REQUIRED ACTION: Below are records with pictures. Transcribe exactly, and only, the lines from the line with "Tuyau douche acier" to the line with "Gmina Quang Ninh", both ends included, but not the pictures.

EXERCISE MATERIAL:
<<<<
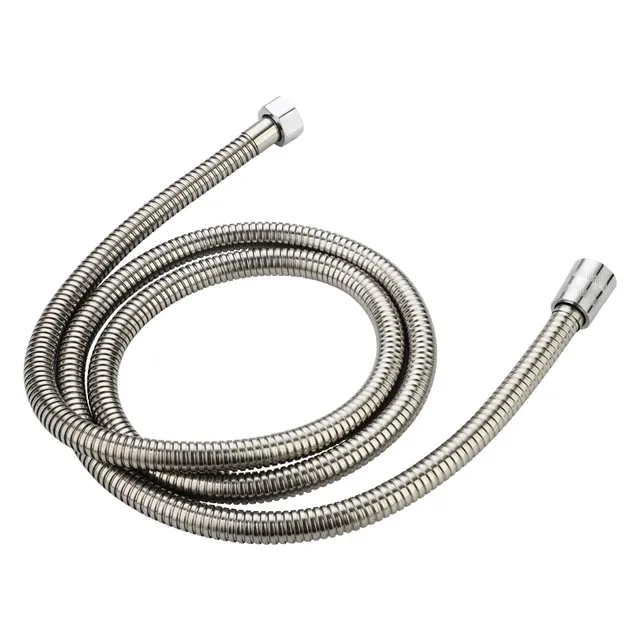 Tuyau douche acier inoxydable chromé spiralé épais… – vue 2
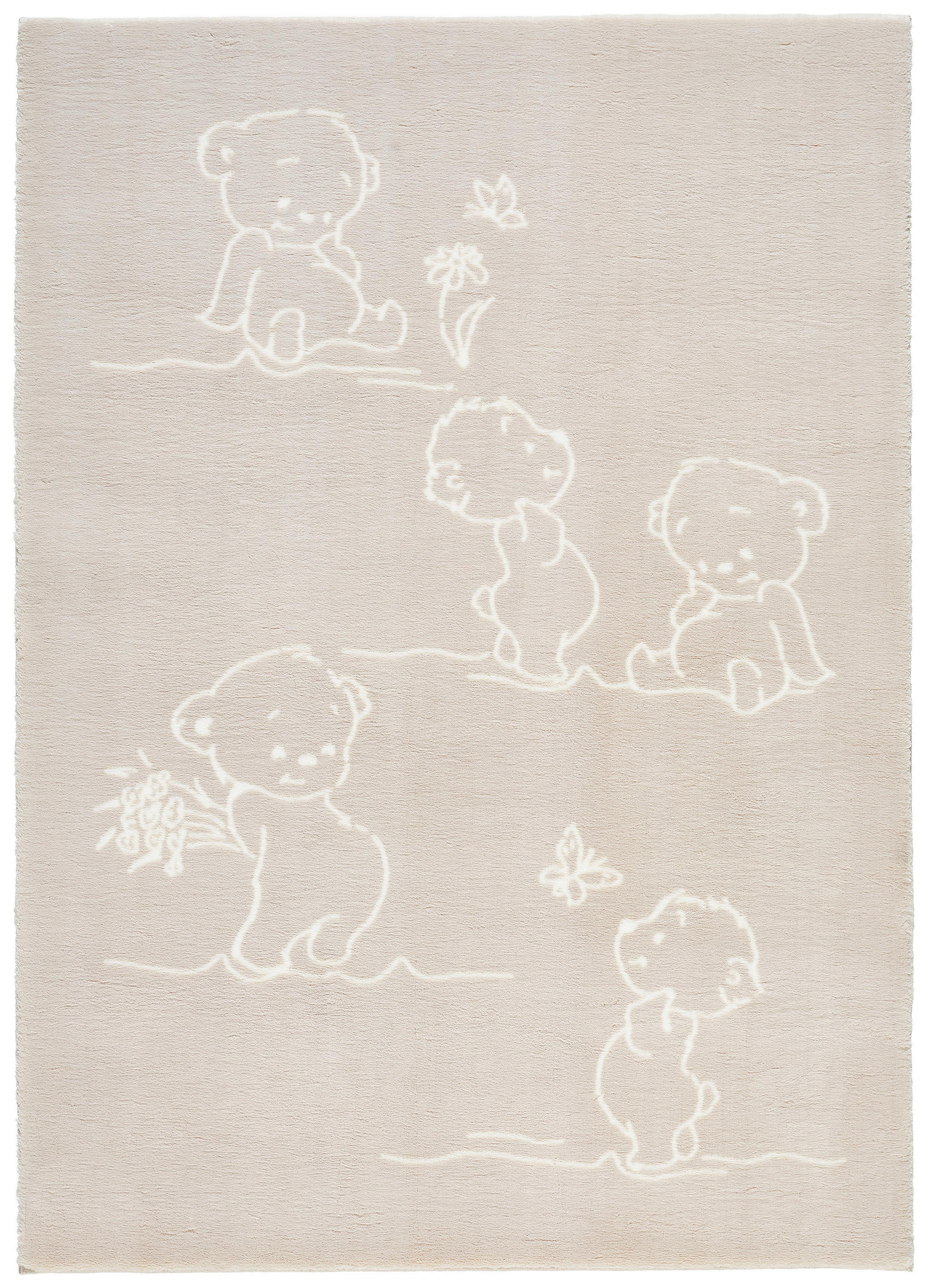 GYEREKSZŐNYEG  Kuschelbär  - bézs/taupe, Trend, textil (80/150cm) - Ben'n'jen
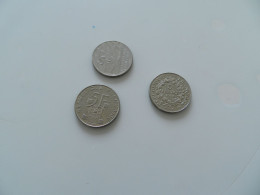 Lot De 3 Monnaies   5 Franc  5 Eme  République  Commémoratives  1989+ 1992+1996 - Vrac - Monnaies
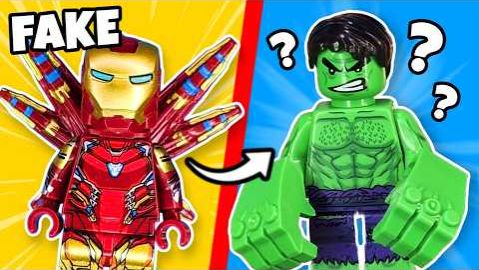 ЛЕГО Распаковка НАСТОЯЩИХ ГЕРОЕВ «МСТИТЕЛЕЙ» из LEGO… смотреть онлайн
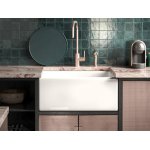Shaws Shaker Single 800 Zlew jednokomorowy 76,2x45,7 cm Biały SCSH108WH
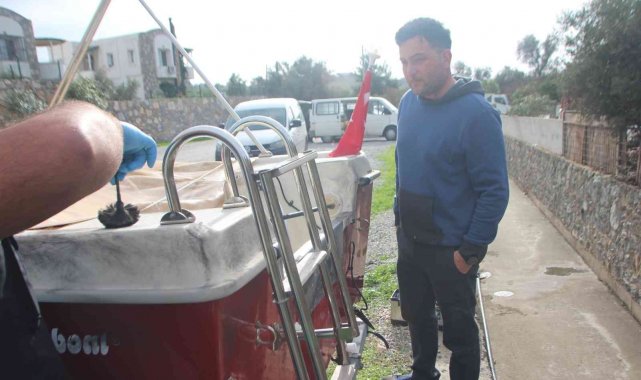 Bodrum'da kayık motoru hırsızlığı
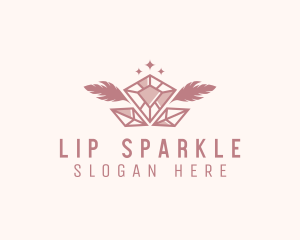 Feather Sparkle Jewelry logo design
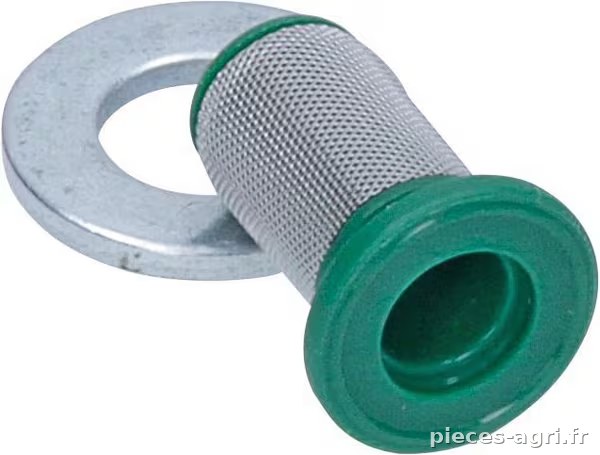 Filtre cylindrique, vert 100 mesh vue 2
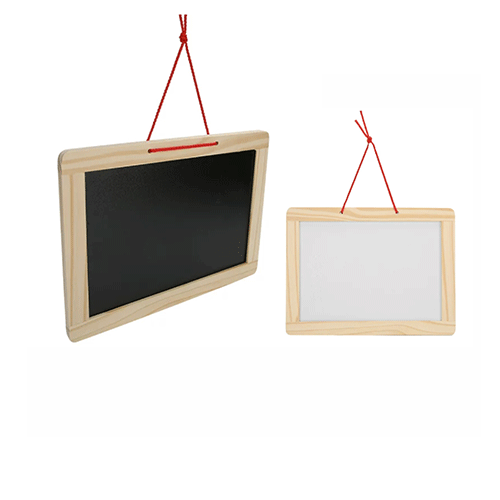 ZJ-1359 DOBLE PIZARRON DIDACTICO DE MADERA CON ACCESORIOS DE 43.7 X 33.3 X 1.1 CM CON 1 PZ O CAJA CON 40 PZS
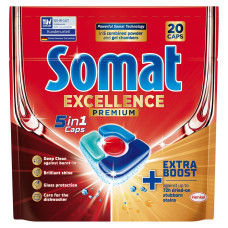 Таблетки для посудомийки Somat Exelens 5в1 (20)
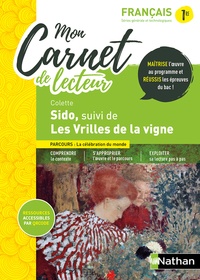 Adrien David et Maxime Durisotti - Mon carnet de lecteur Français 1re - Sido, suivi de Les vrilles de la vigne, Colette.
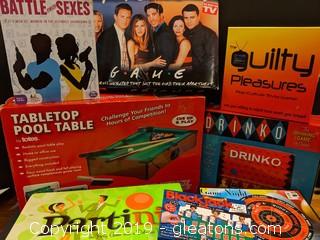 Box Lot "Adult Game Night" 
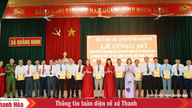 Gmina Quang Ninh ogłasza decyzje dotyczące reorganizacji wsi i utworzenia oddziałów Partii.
>>>>
<<<<
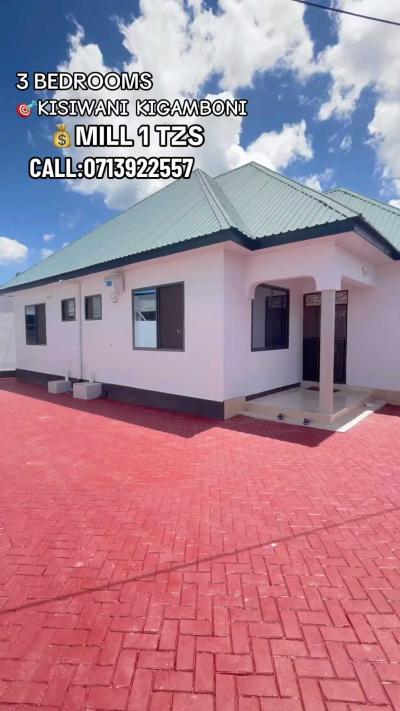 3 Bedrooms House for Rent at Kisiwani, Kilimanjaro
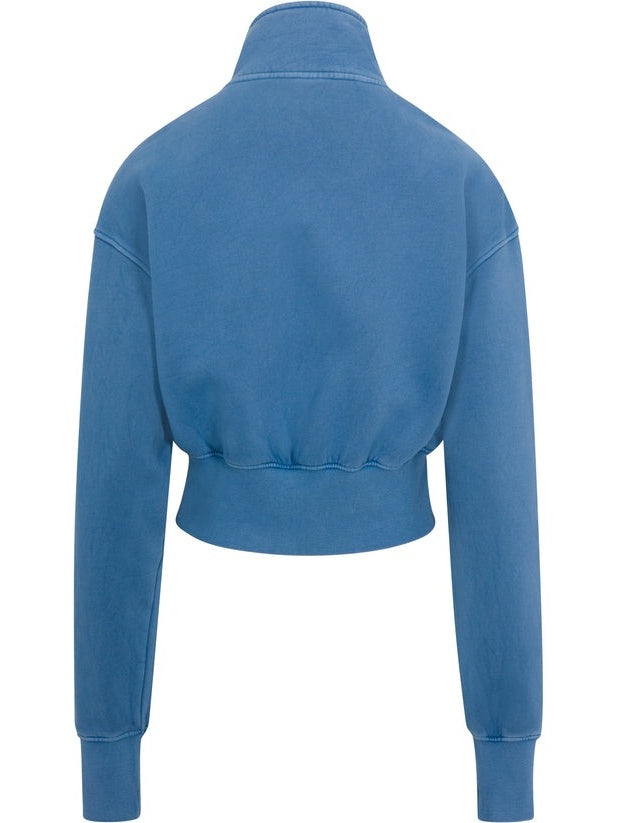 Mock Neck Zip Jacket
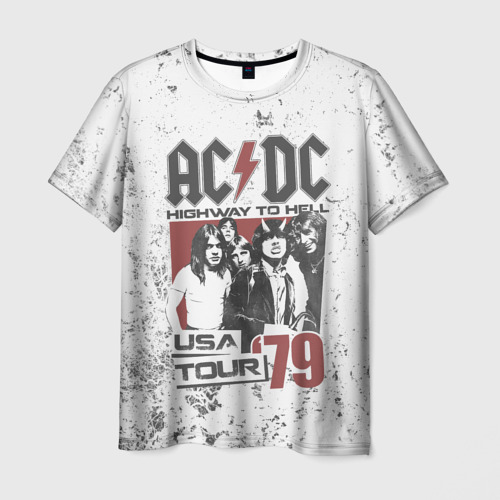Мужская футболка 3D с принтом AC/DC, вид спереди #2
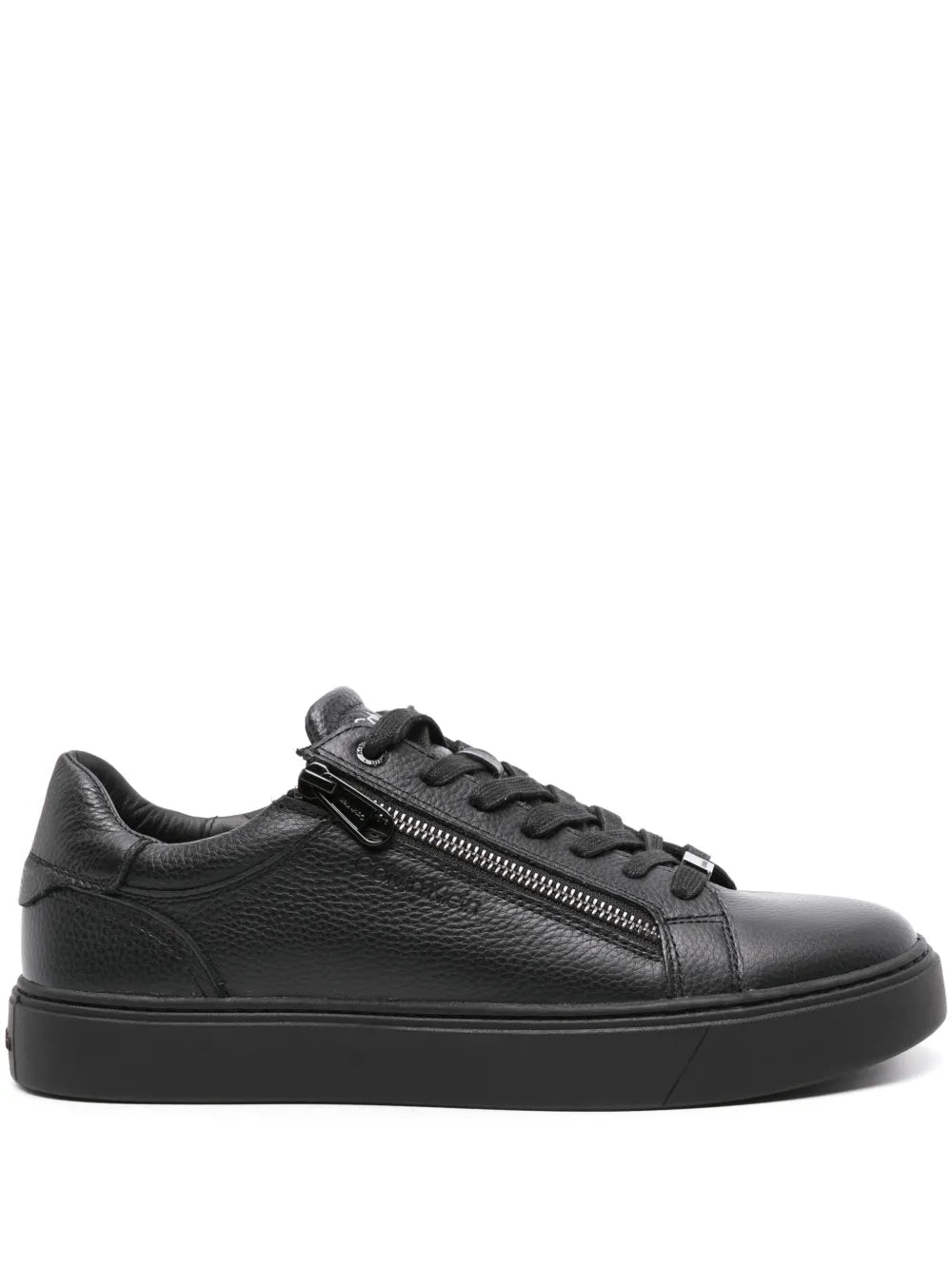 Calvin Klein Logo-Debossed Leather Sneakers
>>>>
<<<<
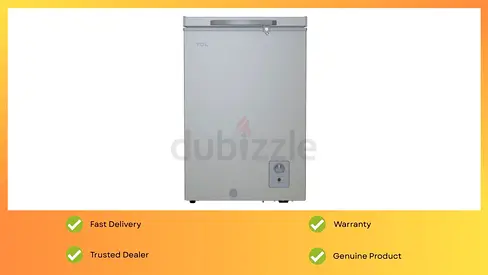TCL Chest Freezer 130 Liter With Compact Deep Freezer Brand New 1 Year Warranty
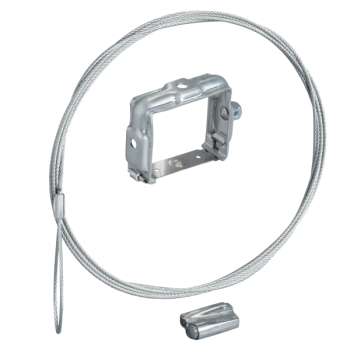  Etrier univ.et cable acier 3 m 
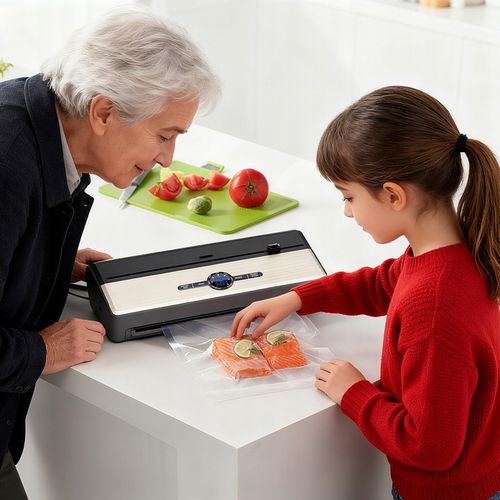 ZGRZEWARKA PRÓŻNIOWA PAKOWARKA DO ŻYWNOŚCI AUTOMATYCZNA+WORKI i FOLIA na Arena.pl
>>>>
SOLVED EXERCISE:
 Tuyau douche acier inoxydable chromé spiralé épais… – vue 2
 GYEREKSZŐNYEG  Kuschelbär  - bézs/taupe, Trend, textil (80/150cm) - Ben'n'jen
 Lot De 3 Monnaies   5 Franc  5 Eme  République  Commémoratives  1989+ 1992+1996 - Vrac - Monnaies
 ЛЕГО Распаковка НАСТОЯЩИХ ГЕРОЕВ «МСТИТЕЛЕЙ» из LEGO… смотреть онлайн
Shaws Shaker Single 800 Zlew jednokomorowy 76,2x45,7 cm Biały SCSH108WH
 Bodrum'da kayık motoru hırsızlığı
 Feather Sparkle Jewelry logo design
 Filtre cylindrique, vert 100 mesh vue 2
 ZJ-1359 DOBLE PIZARRON DIDACTICO DE MADERA CON ACCESORIOS DE 43.7 X 33.3 X 1.1 CM CON 1 PZ O CAJA CON 40 PZS
 Таблетки для посудомийки Somat Exelens 5в1 (20)
 Adrien David et Maxime Durisotti - Mon carnet de lecteur Français 1re - Sido, suivi de Les vrilles de la vigne, Colette.
 Box Lot "Adult Game Night" 
 Gmina Quang Ninh ogłasza decyzje dotyczące reorganizacji wsi i utworzenia oddziałów Partii.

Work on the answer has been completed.